Neuer Beschluss Linksfraktion bleibt bei ihrer Israel-Kritik

Die Linksfraktion im Bundestag hat ihre Kritik an der israelischen Politik im Nahost-Konflikt in einem Beschluss bekräftigt, verwahrt sich aber gegen Antisemitismus-Vorwürfe. "Die inflationäre Verwendung des Begriffs des Antisemitismus schadet dem Kampf gegen ihn", heißt es in dem Papier.

Berlin - Vier Stunden haben die Linken diskutiert, dann fiel der Beschluss mit großer Mehrheit: Die Fraktion hat ihre Kritik an der israelischen Politik im Nahost-Konflikt bekräftigt. "Wir werden als Linke weiterhin die Politik der israelischen Regierungen gegenüber den Palästinenserinnen und Palästinensern öffentlich kritisieren, wann immer dies wegen deren Völker- und Menschenrechtswidrigkeit notwendig ist", heißt es in einem Beschluss, der am Dienstag mit großer Mehrheit verabschiedet wurde. Darin verwahren sich die Abgeordneten gleichzeitig gegen den Vorwurf des Antisemitismus.

Hintergrund der Auseinandersetzungen sind Antisemitismus-Vorwürfe gegen die Linkspartei. Nach einer sozialwissenschaftlichen Studie, aus der die "Frankfurter Rundschau" zitiert hatte, sollen in der Partei antisemitische Positionen toleriert werden. So soll der Vorsitzende der Linksfraktion im Rat der Stadt Duisburg von der "läppischen Existenz" Israels gesprochen haben. In Bremen sollen Linke den Staat Israel in Frage gestellt haben.

Der Chef der Bundestagsfraktion, Gregor Gysi, setzte daraufhin am 7. Juli einen Beschluss durch, in dem jeder Form des Antisemitismus eine Absage erteilt wird. Außerdem wurden jede Ein-Staaten-Lösung für Israel oder Palästina, Boykott-Aufrufe gegen israelische Produkte und eine Teilnahme an der sogenannten Gaza-Flottille ausgeschlossen. An der Gaza-Flottille, die die israelische Blockade des Gaza-Streifens brechen sollte, hatten sich in den vergangenen Jahren Linken-Politiker beteiligt. Einige Parlamentarier fühlten sich durch den ersten Beschluss bevormundet, 10 bis 15 von insgesamt 76 Abgeordneten boykottierten die Abstimmung.

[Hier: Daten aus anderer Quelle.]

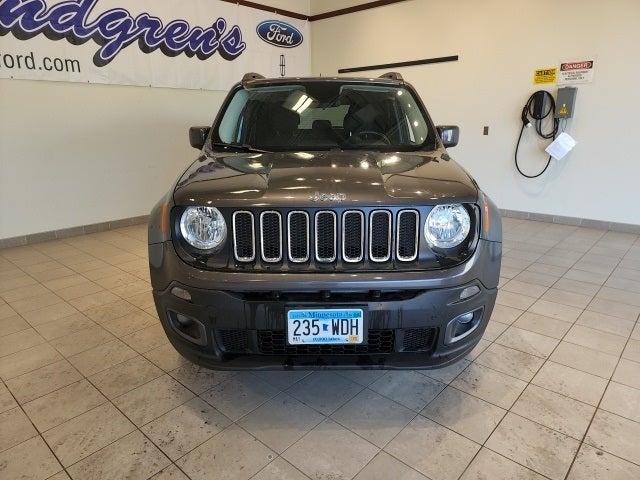 Used 2017 Jeep Renegade Latitude with VIN ZACCJBBB0HPE85797 for sale in Eveleth, Minnesota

Der Abgeordnete Andrej Hunko warf daraufhin Gysi vor, den Beschluss nur mit der Drohung durchgesetzt zu haben, bei Ablehnung sei die Einheit der Partei gefährdet. Mindestens die Hälfte der Abgeordneten hätte das Abstimmungsverfahren kritisiert. Mit dem Antisemitismus-Beschluss solle die Partei-Linke unterworfen werden. Auch die Abgeordnete Annette Groth hatte von großem psychologischen Druck gesprochen und einem Armutszeugnis der Debattenkultur. Antisemitismus werde synonym mit Kritik an israelischer Besatzungspolitik verwendet. Angesichts dieses Gegenwinds warb Gysi für den nun gefassten Beschluss. "Die inflationäre Verwendung des Begriffs des Antisemitismus schadet dem Kampf gegen ihn", heißt es darin.

Dem neuen Beschluss stimmten am Dienstagabend nach Angaben eines Fraktionssprechers 45 Abgeordnete zu. Es gab 6 Nein-Stimmen und 11 Enthaltungen. Laut Beschluss ist es gerechtfertigt, Israel wegen der Gaza-Blockade, der "völkerrechtswidrigen Siedlungspolitik in den besetzten Gebieten" sowie der "Weigerung der israelischen Regierung, konstruktiv an einer Zweistaatenlösung mitzuwirken", zu kritisieren.

"Es ist nicht hinnehmbar, wenn einer derartigen Kritik an der Politik der israelischen Regierung mit dem Vorwurf des Antisemitismus begegnet wird", heißt es in dem Papier weiter. "Wir werden nicht zulassen, dass Mitglieder unserer Fraktion und Partei öffentlich als Antisemiten denunziert werden, wenn sie eine solche Politik der israelischen Regierung kritisieren."

Die Linke ist seit Wochen heftigen Antisemitismus-Vorwürfen ausgesetzt. Der Präsident des Zentralrats der Juden, Dieter Graumann, hatte Anhängern der Partei "blindwütigen Israel-Hass" vorgeworfen.